# Exercise
Retype each of the records below exactly, leaving the pictures out.

# Stored items from a collection
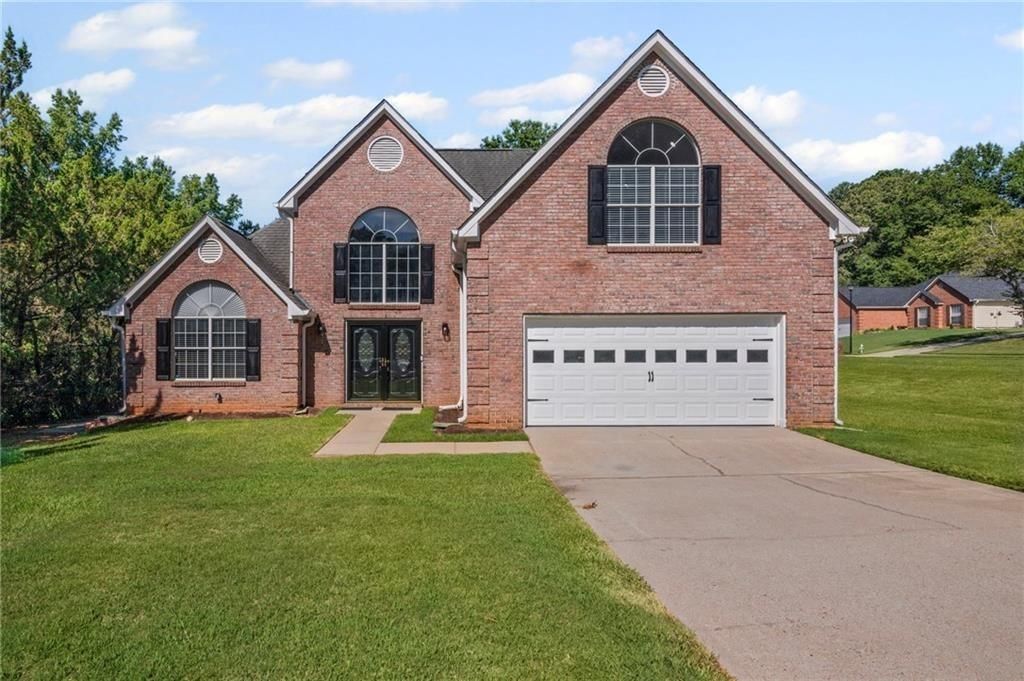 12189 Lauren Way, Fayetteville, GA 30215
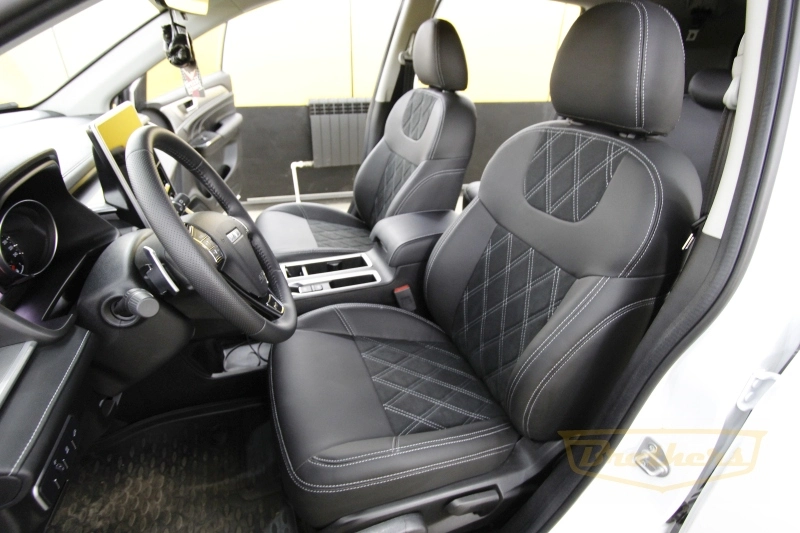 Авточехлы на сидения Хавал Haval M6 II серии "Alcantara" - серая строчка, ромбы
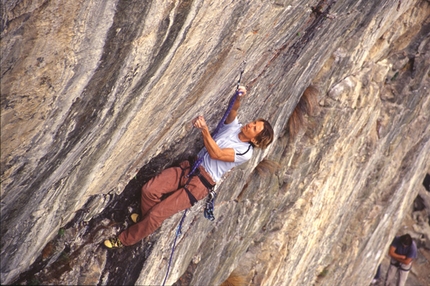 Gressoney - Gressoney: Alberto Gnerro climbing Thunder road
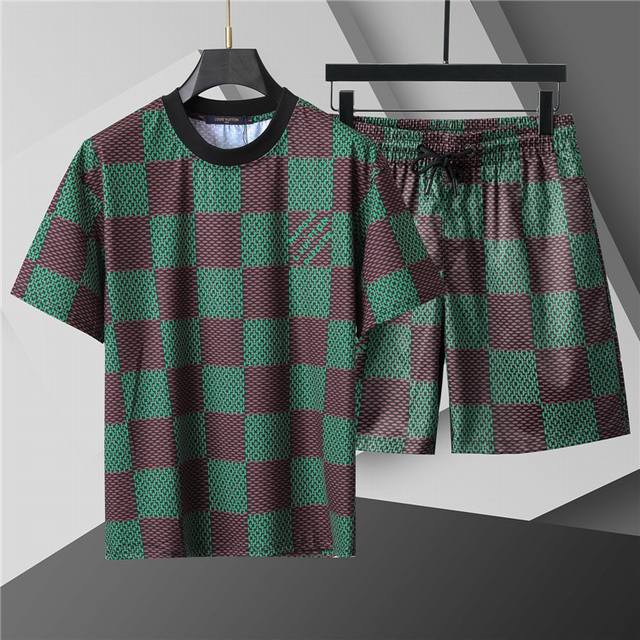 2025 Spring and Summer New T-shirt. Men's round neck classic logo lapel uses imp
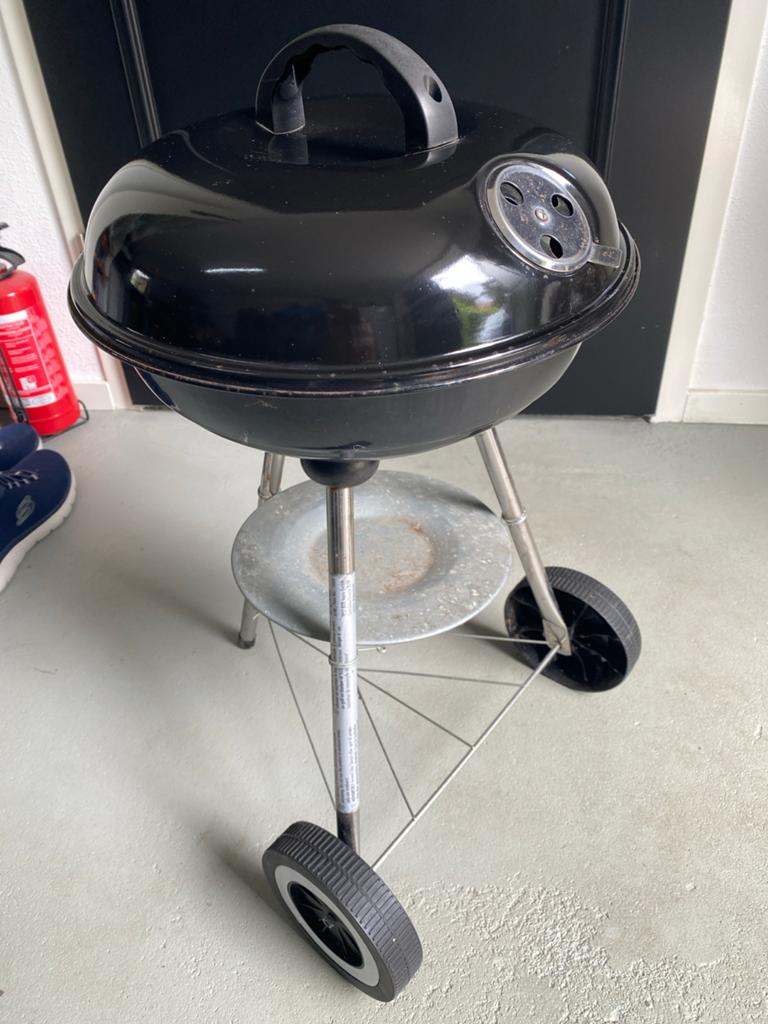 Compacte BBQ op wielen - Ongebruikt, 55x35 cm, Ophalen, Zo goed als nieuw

# Finished exercise
 12189 Lauren Way, Fayetteville, GA 30215
 Авточехлы на сидения Хавал Haval M6 II серии "Alcantara" - серая строчка, ромбы
 Gressoney - Gressoney: Alberto Gnerro climbing Thunder road
 2025 Spring and Summer New T-shirt. Men's round neck classic logo lapel uses imp
 Compacte BBQ op wielen - Ongebruikt, 55x35 cm, Ophalen, Zo goed als nieuw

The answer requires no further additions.